# Movie recommendation: The Railway Man



## Bobw235 (Sep 2, 2016)

Just caught this on Netflix. Wow, what powerful film starring Colin Firth and Nicole Kidman. Not an easy film to watch. 

Eric Lomax (Colin Firth), a former British army officer and POW, discovers that the Japanese interpreter who tortured him is still alive. He and his new wife (Nicole Kidman) set out to confront the man who caused him so much pain.


----------



## Ameriscot (Sep 2, 2016)

Saw the preveiws for this before.  Looks tough to watch but I plan to.


----------



## Bobw235 (Sep 2, 2016)

Ameriscot said:


> Saw the preveiws for this before.  Looks tough to watch but I plan to.



My wife saw it was on so we watched it. Yes, the scenes of what the prisoners were subjected to are hard to watch, but that's apparently how the Japanese treated POWs. It's consistent with, but worse than what you may have seen if you'd watched "Unbroken", also based on a true story. Really a story of PTSD.


----------



## Warrigal (Sep 2, 2016)

I found it an uplifting film. 

As an Australian I have been well steeped in the stories of captivity under Nippon so nothing surprising there but the denoument of this film is about healing, forgiveness and recovery. We need more of that.

Another that I would recommend is The Water Diviner which touches on the disaster of the WW I Gallipoli campaign, unresolved grief and new hope afterwards.


----------



## Bobw235 (Sep 2, 2016)

Warrigal said:


> I found it an uplifting film.
> 
> As an Australian I have been well steeped in the stories of captivity under Nippon so nothing surprising there but the denoument of this film is about healing, forgiveness and recovery. We need more of that.
> 
> Another that I would recommend is The Water Diviner which touches on the disaster of the WW I Gallipoli campaign, unresolved grief and new hope afterwards.

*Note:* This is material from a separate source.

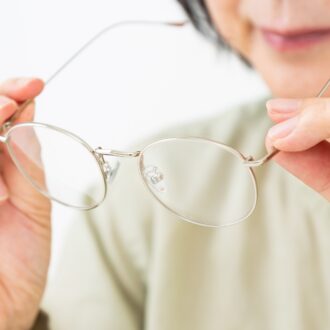 【老眼の疑問】疲れ目、かすみ目、ピントのぼやけは老眼の始まり。大人のための目のエイジングとの向き合い方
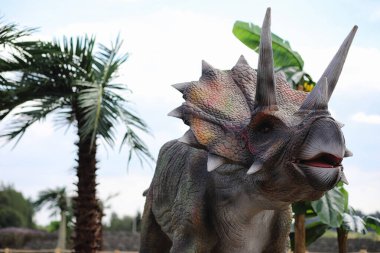 Dinozorlar Park. Bir dinazor doğa arka plan üzerinde. Oyuncak d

Agree that it's ultimately about healing and forgiveness and recovery. Some very moving scenes in the picture. I'll have to look for the one you've recommended here. Thanks for the suggestion.


----------



## Bobw235 (Sep 3, 2016)

Warri, I watched the film you recommended ("The Water Diviner") and really enjoyed it. Thanks for the recommendation. We were able to view it via Cinemax for free. It had a good story and of course Russell Crowe is always a wonderful actor.


----------



## Warrigal (Sep 3, 2016)

Glad you enjoyed it.


----------



## jnos (Sep 4, 2016)

My husband and I watched this when it came out. Very good and memorable movie.


----------